En esta tierra del norte en que me
encuentro, el tiempo cambia cada pocos minutos, como no podría ser
de otra manera. Llueve ligeramente, llueve a cántaros, el viento
arrastra las nubes, sale el sol. Quiero con ello decir que es todo un
espectáculo este ventanal que me ha tocado en suerte y que me abre a
la variable belleza natural de estos lares. Más que nunca, echo de
menos ser pintora. Intentaré pintar con mis palabras.
Solo el color del mar necesitaría un
amplio repertorio de tubos de pintura. Acero, tinta, cobalto, plomo,
plata. Me imagino mezclando los tonos en mi paleta y, apenas
conseguido el adecuado, teniendo que añadir un nuevo componente para
ajustarme a este mundo cromático en perpetua evolución. Su mellizo
en las alturas tampoco le anda a la zaga en lo que a sorpresas se
refiere: nubes blancas y algodonosas, jirones de color gris, gruesas
tapaderas plomizas, huecos despejados por los que de improviso se
cuela un rayo de sol de grandeza bíblica.
Pero no es necesario irse al hermoso
fondo natural para que la pintora que habita en mí encuentre un
motivo de inspiración. Las casitas bajas que se alzan en primer
término, un par de pisos por debajo de mi ventana, están llenas de
detalles que no termino de descubrir. Son dispares, llenas de
irregularidades: tejados que se despliegan a alturas variadas,
pequeños huertos con árboles frutales que dejan caer sus productos
en derredor sin que nadie los recoja, solares sin construir dominados
por la maleza. En uno de estos últimos habita una familia formada
por una elegante mamá felina y cuatro jovenzuelos que andarán por
los dos meses, esa edad maravillosa en que los gatitos se convierten
en pequeños exploradores y divertidísimos compañeros de juegos. No
me canso de mirarlos. Su pelaje es un asombroso despliegue de dibujos
y colores: el blanco, el marrón, el negro y el gris se combinan de
cuatro formas completamente distintas, haciendo inconfundible a cada
uno de los hermanos. Qué gran diseñadora es la naturaleza.

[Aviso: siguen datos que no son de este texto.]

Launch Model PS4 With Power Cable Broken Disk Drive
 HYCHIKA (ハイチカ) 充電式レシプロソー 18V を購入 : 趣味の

Con todo, si se produjera el milagro de
que yo supiera pintar, elegiría como motivo una casa situada al
extremo de la calle. Tiene las paredes pintadas de azul, en armonía
con el mar sobre cuya superficie se recorta. Es sencilla y de líneas
irregulares, y el último de sus pisos es un puro cristal: un mirador
que se extiende de lado a lado. Este modesto edificio no tendría
nada de particular, de no ser porque está colocado en sentido
opuesto a la bahía y su mirador se asoma a una calle estrecha.
Cuando lo miro, me parece que me transmite una suave tristeza, una
callada resignación. Me gustaría que se obrara un milagro y pudiera
hacerlo rotar, como si fuera de juguete. Una casa de espaldas al mar
me parece el símbolo de la negación de la belleza de la vida.